See the descriptions and changelog below for more information on these new features.
Data Loading
HDFS Pipeline Support
A new HDFS pipeline allows you to perform ETL operations on files from Hadoop, Pig, or Spark jobs. See HDFS Pipelines Overview for more details.
Kerberos and SSL support for Kafka Pipelines
You can now configure Kafka pipelines to connect to your Kafka brokers through SSL and optionally authenticate with Kerberos. See Enabling SSL and Kerberos on Kafka Pipelines for more details.
Pipeline Support with Stored Procedures
In previous versions of MemSQL, you could only insert into one table for each pipeline that you created. Now in MemSQL 6.5 and later, you can insert into multiple tables from one pipeline by specifying a stored procedure in a CREATE PIPELINE
command.
Having pipeline support with stored procedures also means supporting new scenarios such as data transformation in SQL. See the INTO PROCEDURE section of CREATE PIPELINE
for more details.
Performance improvements for loading into S3 Pipelines
S3 pipelines now have the ability to process new files in a bucket at a much faster rate without incurring the penalty of listing all of the files in the bucket before performing the ETL operations of the pipeline. Previously, this could be a slow operation if you had a bucket with a large file count.
The only requirement to enable this new functionality is to prefix filenames in your bucket with an increasing alpha-numeric value, such as a timestamp or some other marker (e.g. YYYY-MM-DD-filename.extension
). You do not need to add any configuration elements to your CREATE PIPELINE
statement.
Backup and Restore from S3
You can now backup and restore your databases to a S3 bucket. See BACKUP and RESTORE for syntax and additional details.
General Improvements
- Performance improved for columnstore compression
- Support for using .tar archives for columnstore backups
- Ability to debug and test out transforms by running new EXTRACT PIPELINE INTO OUTFILE command
- New PROFILE PIPELINE command useful for debugging pipeline bottleneck issues
- Performance improvements for some of the pipelines and columnar information_schema tables
- Improved performance for
LOAD DATA
when loading CSVs that contain large numbers of columns - The new BACKUP_HISTORY table provides important metadata on recent successful backups.

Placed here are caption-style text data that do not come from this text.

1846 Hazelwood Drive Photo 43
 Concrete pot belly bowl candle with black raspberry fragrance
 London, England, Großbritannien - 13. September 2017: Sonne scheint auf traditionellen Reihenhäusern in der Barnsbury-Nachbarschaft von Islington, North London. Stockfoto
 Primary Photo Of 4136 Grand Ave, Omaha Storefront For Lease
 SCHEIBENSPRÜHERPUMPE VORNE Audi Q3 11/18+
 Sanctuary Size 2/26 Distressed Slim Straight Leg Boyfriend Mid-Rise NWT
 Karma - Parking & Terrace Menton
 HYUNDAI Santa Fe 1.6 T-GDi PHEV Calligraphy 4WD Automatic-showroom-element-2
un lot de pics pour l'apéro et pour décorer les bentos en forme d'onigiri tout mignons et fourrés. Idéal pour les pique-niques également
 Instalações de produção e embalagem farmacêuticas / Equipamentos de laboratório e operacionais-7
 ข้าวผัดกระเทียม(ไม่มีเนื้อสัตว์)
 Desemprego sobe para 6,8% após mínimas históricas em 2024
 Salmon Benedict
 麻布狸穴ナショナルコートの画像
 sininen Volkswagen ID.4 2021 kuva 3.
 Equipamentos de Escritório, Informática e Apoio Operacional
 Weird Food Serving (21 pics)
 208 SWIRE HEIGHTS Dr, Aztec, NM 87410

- The new MV_EVENTS table provides a history of cluster-level events such as nodes attaching to a cluster or the rebalancing of partitions
- The new LOAD_DATA_STATUS table tells you how much data has been ingested during a
LOAD_DATA
operation
Query Language Additions
FULL OUTER JOIN now supported
See SELECT for more details on usage.
PIVOT
You can now transform non-aggregated event data into a pivot table output format using the PIVOT
clause in a SELECT
statement. See PIVOT for more details.
Full Text Search
Full text search allows searching for words or phrases in columnstore table columns with a large body of text. See Full Text Search for more details.
Query Execution
- Integer run-length encoding is now supported for encoded filters. See Data Encodings Supported for more details.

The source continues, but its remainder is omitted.